Generalized Classification of Satellite Image Time Series with Thermal Positional Encoding
This addresses a key limitation in remote sensing for large-scale crop classification, which has economic and ecological importance, by improving robustness to regional climate differences, though it is an incremental advance over existing attention-based methods.
The paper tackles the problem of poor generalization in crop type classification from satellite image time series due to temporal shifts caused by climate variations, by proposing Thermal Positional Encoding (TPE) based on thermal time instead of calendar time, achieving state-of-the-art generalization results across four European regions.

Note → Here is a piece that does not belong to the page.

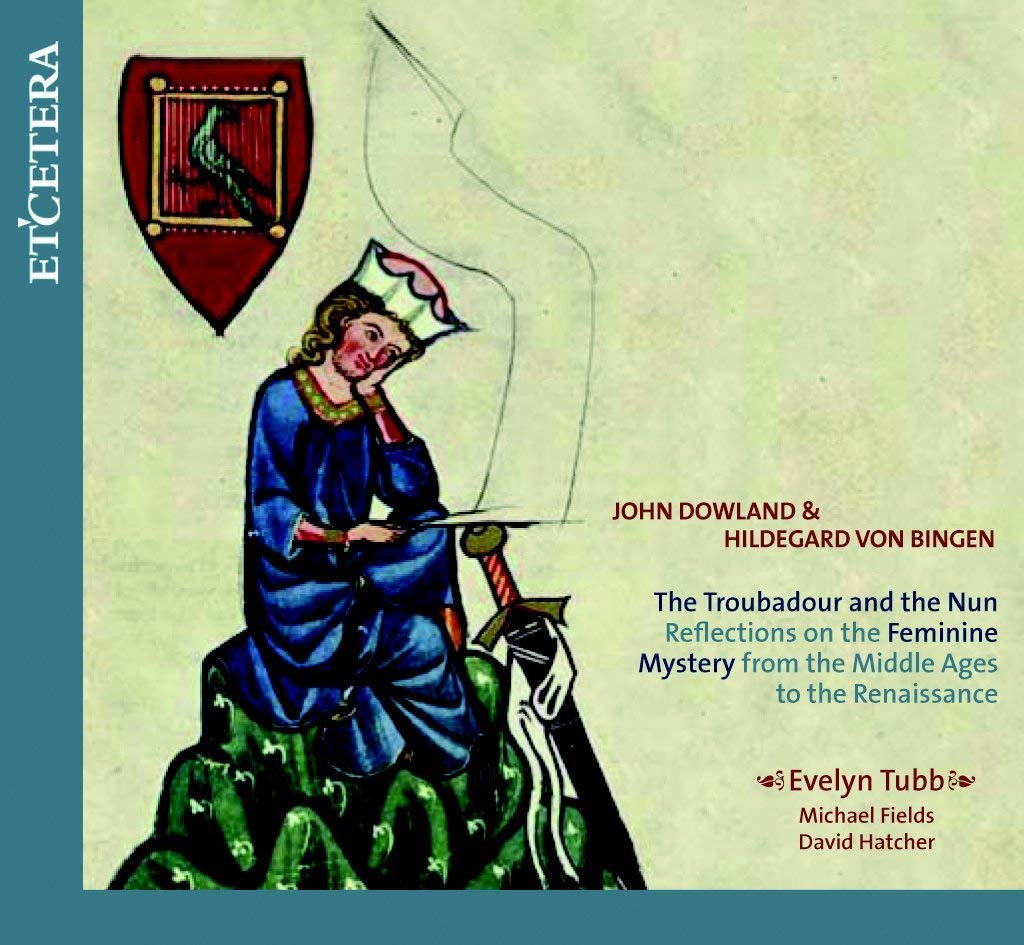 Troubador and the Nun, The (Tubb, Fields, Hatcher)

Large-scale crop type classification is a task at the core of remote sensing efforts with applications of both economic and ecological importance. Current state-of-the-art deep learning methods are based on self-attention and use satellite image time series (SITS) to discriminate crop types based on their unique growth patterns. However, existing methods generalize poorly to regions not seen during training mainly due to not being robust to temporal shifts of the growing season caused by variations in climate. To this end, we propose Thermal Positional Encoding (TPE) for attention-based crop classifiers. Unlike previous positional encoding based on calendar time (e.g. day-of-year), TPE is based on thermal time, which is obtained by accumulating daily average temperatures over the growing season. Since crop growth is directly related to thermal time, but not calendar time, TPE addresses the temporal shifts between different regions to improve generalization. We propose multiple TPE strategies, including learnable methods, to further improve results compared to the common fixed positional encodings. We demonstrate our approach on a crop classification task across four different European regions, where we obtain state-of-the-art generalization results.